● **The input**:
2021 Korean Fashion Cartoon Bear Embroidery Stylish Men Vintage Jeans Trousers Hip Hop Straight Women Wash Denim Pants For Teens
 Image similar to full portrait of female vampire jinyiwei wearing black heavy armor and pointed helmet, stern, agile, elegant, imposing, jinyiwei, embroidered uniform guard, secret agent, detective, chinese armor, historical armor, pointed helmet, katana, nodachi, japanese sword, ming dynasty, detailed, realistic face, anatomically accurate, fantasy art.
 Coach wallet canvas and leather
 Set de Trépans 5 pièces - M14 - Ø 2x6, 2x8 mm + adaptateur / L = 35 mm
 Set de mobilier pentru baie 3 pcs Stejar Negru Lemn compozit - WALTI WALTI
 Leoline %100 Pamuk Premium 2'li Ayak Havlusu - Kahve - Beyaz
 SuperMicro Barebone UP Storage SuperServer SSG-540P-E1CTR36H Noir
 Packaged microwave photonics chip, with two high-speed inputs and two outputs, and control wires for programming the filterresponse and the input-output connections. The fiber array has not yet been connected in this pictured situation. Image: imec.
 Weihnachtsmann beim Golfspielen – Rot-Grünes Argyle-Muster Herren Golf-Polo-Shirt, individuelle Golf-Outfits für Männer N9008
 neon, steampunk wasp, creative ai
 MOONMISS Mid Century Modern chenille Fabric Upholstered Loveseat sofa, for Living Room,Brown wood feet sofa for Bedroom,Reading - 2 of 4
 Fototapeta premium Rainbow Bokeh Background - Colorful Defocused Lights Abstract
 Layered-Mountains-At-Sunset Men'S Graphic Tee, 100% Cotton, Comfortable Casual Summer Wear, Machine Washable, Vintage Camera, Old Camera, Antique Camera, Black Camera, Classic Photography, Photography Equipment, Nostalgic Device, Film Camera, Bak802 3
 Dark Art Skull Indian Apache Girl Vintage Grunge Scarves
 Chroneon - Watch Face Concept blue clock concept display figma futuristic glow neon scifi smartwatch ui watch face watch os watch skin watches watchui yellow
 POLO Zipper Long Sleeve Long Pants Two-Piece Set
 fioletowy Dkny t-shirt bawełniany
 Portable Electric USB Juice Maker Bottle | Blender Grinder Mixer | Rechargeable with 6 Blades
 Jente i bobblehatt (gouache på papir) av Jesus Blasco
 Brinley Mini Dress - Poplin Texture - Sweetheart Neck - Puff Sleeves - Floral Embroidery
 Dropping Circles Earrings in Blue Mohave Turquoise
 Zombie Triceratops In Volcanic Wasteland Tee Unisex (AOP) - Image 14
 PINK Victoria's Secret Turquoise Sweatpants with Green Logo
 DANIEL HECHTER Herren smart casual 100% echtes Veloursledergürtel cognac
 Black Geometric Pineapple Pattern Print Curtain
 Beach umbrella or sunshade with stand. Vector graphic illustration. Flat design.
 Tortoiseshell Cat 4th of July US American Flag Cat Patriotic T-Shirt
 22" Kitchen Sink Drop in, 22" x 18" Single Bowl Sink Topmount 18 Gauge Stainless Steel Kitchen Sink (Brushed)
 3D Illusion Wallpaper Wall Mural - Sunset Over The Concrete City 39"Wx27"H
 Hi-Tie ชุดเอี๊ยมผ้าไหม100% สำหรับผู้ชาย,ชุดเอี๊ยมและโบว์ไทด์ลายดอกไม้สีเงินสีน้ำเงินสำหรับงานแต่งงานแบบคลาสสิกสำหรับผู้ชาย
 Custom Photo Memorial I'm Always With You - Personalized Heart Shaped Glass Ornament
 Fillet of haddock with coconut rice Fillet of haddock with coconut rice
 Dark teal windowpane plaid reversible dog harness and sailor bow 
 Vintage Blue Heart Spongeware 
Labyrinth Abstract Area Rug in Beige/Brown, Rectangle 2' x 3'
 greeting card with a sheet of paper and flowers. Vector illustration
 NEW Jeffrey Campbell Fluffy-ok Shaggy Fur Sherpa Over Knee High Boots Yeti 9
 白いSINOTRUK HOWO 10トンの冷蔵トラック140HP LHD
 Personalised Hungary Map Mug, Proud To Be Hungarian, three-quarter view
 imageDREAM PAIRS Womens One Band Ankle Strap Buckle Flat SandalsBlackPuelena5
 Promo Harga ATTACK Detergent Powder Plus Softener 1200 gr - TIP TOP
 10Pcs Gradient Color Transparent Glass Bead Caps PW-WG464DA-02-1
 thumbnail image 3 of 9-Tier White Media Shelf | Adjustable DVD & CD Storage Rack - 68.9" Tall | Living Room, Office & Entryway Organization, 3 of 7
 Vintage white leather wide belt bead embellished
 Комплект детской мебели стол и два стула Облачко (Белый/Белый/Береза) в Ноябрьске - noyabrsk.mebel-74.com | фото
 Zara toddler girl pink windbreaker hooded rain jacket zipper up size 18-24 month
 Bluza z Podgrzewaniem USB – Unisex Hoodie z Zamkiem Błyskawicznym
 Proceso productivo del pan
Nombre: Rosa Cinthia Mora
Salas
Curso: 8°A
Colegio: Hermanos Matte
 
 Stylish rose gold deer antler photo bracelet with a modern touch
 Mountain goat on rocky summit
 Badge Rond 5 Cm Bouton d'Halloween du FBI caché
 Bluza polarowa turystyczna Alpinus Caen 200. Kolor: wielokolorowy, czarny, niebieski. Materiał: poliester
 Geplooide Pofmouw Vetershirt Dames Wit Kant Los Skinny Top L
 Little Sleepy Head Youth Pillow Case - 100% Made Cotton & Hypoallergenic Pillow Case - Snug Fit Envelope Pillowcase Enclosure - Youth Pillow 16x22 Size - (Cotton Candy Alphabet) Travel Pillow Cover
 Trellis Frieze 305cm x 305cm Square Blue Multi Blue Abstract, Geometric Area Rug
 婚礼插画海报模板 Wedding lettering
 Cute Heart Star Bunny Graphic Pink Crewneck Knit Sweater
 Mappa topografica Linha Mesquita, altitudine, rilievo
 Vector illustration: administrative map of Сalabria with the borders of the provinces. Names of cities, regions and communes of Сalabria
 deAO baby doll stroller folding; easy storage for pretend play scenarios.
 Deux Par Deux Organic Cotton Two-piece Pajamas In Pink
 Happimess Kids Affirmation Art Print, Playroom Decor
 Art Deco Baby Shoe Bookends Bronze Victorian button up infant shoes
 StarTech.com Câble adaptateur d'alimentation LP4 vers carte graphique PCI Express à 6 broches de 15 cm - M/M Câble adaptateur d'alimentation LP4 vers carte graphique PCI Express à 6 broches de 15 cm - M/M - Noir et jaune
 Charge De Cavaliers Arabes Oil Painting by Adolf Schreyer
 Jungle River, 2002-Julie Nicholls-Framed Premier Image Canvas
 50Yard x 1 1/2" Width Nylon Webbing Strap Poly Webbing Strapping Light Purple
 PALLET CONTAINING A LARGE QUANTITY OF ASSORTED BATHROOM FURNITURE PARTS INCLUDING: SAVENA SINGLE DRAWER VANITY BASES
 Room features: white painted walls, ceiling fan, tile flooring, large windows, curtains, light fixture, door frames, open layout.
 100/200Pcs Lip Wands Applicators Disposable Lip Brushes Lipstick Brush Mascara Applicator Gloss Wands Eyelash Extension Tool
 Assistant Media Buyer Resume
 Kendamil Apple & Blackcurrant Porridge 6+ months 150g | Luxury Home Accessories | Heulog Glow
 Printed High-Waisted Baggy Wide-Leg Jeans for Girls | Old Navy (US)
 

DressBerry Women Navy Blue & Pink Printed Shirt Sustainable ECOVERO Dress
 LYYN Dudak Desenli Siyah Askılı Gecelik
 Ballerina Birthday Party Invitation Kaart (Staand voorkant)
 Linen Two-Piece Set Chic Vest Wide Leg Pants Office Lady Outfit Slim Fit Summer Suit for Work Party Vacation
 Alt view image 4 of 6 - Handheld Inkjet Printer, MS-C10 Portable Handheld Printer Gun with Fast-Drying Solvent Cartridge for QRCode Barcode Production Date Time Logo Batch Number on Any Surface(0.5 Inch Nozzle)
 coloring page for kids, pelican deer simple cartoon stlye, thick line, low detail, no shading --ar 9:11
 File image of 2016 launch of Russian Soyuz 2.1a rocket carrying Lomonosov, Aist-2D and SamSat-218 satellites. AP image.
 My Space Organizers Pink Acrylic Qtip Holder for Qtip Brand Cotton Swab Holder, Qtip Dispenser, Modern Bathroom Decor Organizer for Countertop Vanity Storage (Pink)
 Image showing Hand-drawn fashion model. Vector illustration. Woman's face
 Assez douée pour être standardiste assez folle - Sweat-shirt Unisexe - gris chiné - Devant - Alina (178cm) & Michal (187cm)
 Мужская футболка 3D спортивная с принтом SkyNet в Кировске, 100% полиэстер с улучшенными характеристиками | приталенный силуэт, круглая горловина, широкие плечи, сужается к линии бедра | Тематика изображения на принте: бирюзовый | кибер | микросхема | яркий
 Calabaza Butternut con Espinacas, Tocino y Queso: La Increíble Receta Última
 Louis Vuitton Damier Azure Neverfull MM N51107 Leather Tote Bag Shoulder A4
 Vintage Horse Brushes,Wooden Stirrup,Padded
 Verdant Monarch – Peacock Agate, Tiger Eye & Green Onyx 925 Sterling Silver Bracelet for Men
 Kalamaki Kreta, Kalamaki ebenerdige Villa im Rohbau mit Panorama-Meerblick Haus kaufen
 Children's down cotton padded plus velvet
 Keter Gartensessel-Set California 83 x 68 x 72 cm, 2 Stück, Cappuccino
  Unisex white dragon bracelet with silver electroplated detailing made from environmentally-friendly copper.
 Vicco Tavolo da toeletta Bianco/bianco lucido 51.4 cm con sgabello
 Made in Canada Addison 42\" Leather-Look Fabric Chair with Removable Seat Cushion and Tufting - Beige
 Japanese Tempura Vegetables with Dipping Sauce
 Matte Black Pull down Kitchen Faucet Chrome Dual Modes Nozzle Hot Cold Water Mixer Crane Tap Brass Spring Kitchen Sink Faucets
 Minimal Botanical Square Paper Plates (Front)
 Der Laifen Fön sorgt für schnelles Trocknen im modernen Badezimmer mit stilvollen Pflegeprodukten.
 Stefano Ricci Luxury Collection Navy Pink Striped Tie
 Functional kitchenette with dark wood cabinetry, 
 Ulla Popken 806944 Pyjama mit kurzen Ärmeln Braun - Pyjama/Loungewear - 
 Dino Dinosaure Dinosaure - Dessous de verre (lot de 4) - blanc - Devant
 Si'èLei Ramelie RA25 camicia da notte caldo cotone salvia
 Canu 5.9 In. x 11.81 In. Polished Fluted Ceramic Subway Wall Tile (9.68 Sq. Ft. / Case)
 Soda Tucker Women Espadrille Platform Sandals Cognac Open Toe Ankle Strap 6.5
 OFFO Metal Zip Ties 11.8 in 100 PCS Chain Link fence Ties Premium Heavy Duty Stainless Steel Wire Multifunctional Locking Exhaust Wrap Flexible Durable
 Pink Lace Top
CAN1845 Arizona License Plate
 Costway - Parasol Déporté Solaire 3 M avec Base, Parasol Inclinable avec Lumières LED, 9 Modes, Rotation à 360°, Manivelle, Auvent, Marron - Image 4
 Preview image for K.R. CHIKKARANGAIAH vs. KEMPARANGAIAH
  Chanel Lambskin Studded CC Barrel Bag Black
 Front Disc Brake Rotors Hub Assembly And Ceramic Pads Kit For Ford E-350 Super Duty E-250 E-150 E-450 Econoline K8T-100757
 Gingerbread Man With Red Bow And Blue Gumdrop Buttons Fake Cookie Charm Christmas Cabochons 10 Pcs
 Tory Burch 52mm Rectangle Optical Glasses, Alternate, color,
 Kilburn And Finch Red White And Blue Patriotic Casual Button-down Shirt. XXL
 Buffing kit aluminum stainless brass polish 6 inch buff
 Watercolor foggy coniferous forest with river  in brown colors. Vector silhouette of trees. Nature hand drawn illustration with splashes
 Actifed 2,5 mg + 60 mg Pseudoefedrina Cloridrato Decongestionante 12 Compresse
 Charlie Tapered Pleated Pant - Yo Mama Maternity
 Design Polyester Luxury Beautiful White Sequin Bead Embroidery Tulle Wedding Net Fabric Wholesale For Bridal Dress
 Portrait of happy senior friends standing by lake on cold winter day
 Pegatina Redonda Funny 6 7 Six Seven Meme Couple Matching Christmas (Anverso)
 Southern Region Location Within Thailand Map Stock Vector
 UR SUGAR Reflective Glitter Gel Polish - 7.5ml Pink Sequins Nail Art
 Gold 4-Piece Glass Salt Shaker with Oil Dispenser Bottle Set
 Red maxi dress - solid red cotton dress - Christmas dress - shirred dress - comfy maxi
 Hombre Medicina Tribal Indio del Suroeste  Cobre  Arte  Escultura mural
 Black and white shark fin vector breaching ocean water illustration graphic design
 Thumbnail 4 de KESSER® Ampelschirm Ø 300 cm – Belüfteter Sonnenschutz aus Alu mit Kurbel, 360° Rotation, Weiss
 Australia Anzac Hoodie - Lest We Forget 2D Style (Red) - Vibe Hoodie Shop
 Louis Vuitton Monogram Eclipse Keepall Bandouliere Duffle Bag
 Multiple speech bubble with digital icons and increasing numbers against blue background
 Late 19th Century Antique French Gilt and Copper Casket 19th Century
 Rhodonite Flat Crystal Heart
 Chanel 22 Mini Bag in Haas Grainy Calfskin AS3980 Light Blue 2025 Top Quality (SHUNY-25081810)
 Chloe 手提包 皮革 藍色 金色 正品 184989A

● **Your instructions**: Only lines with the word "Party" are needed. Copy them from the preceding records.

● **Solution below**:
 Ballerina Birthday Party Invitation Kaart (Staand voorkant)
 Linen Two-Piece Set Chic Vest Wide Leg Pants Office Lady Outfit Slim Fit Summer Suit for Work Party Vacation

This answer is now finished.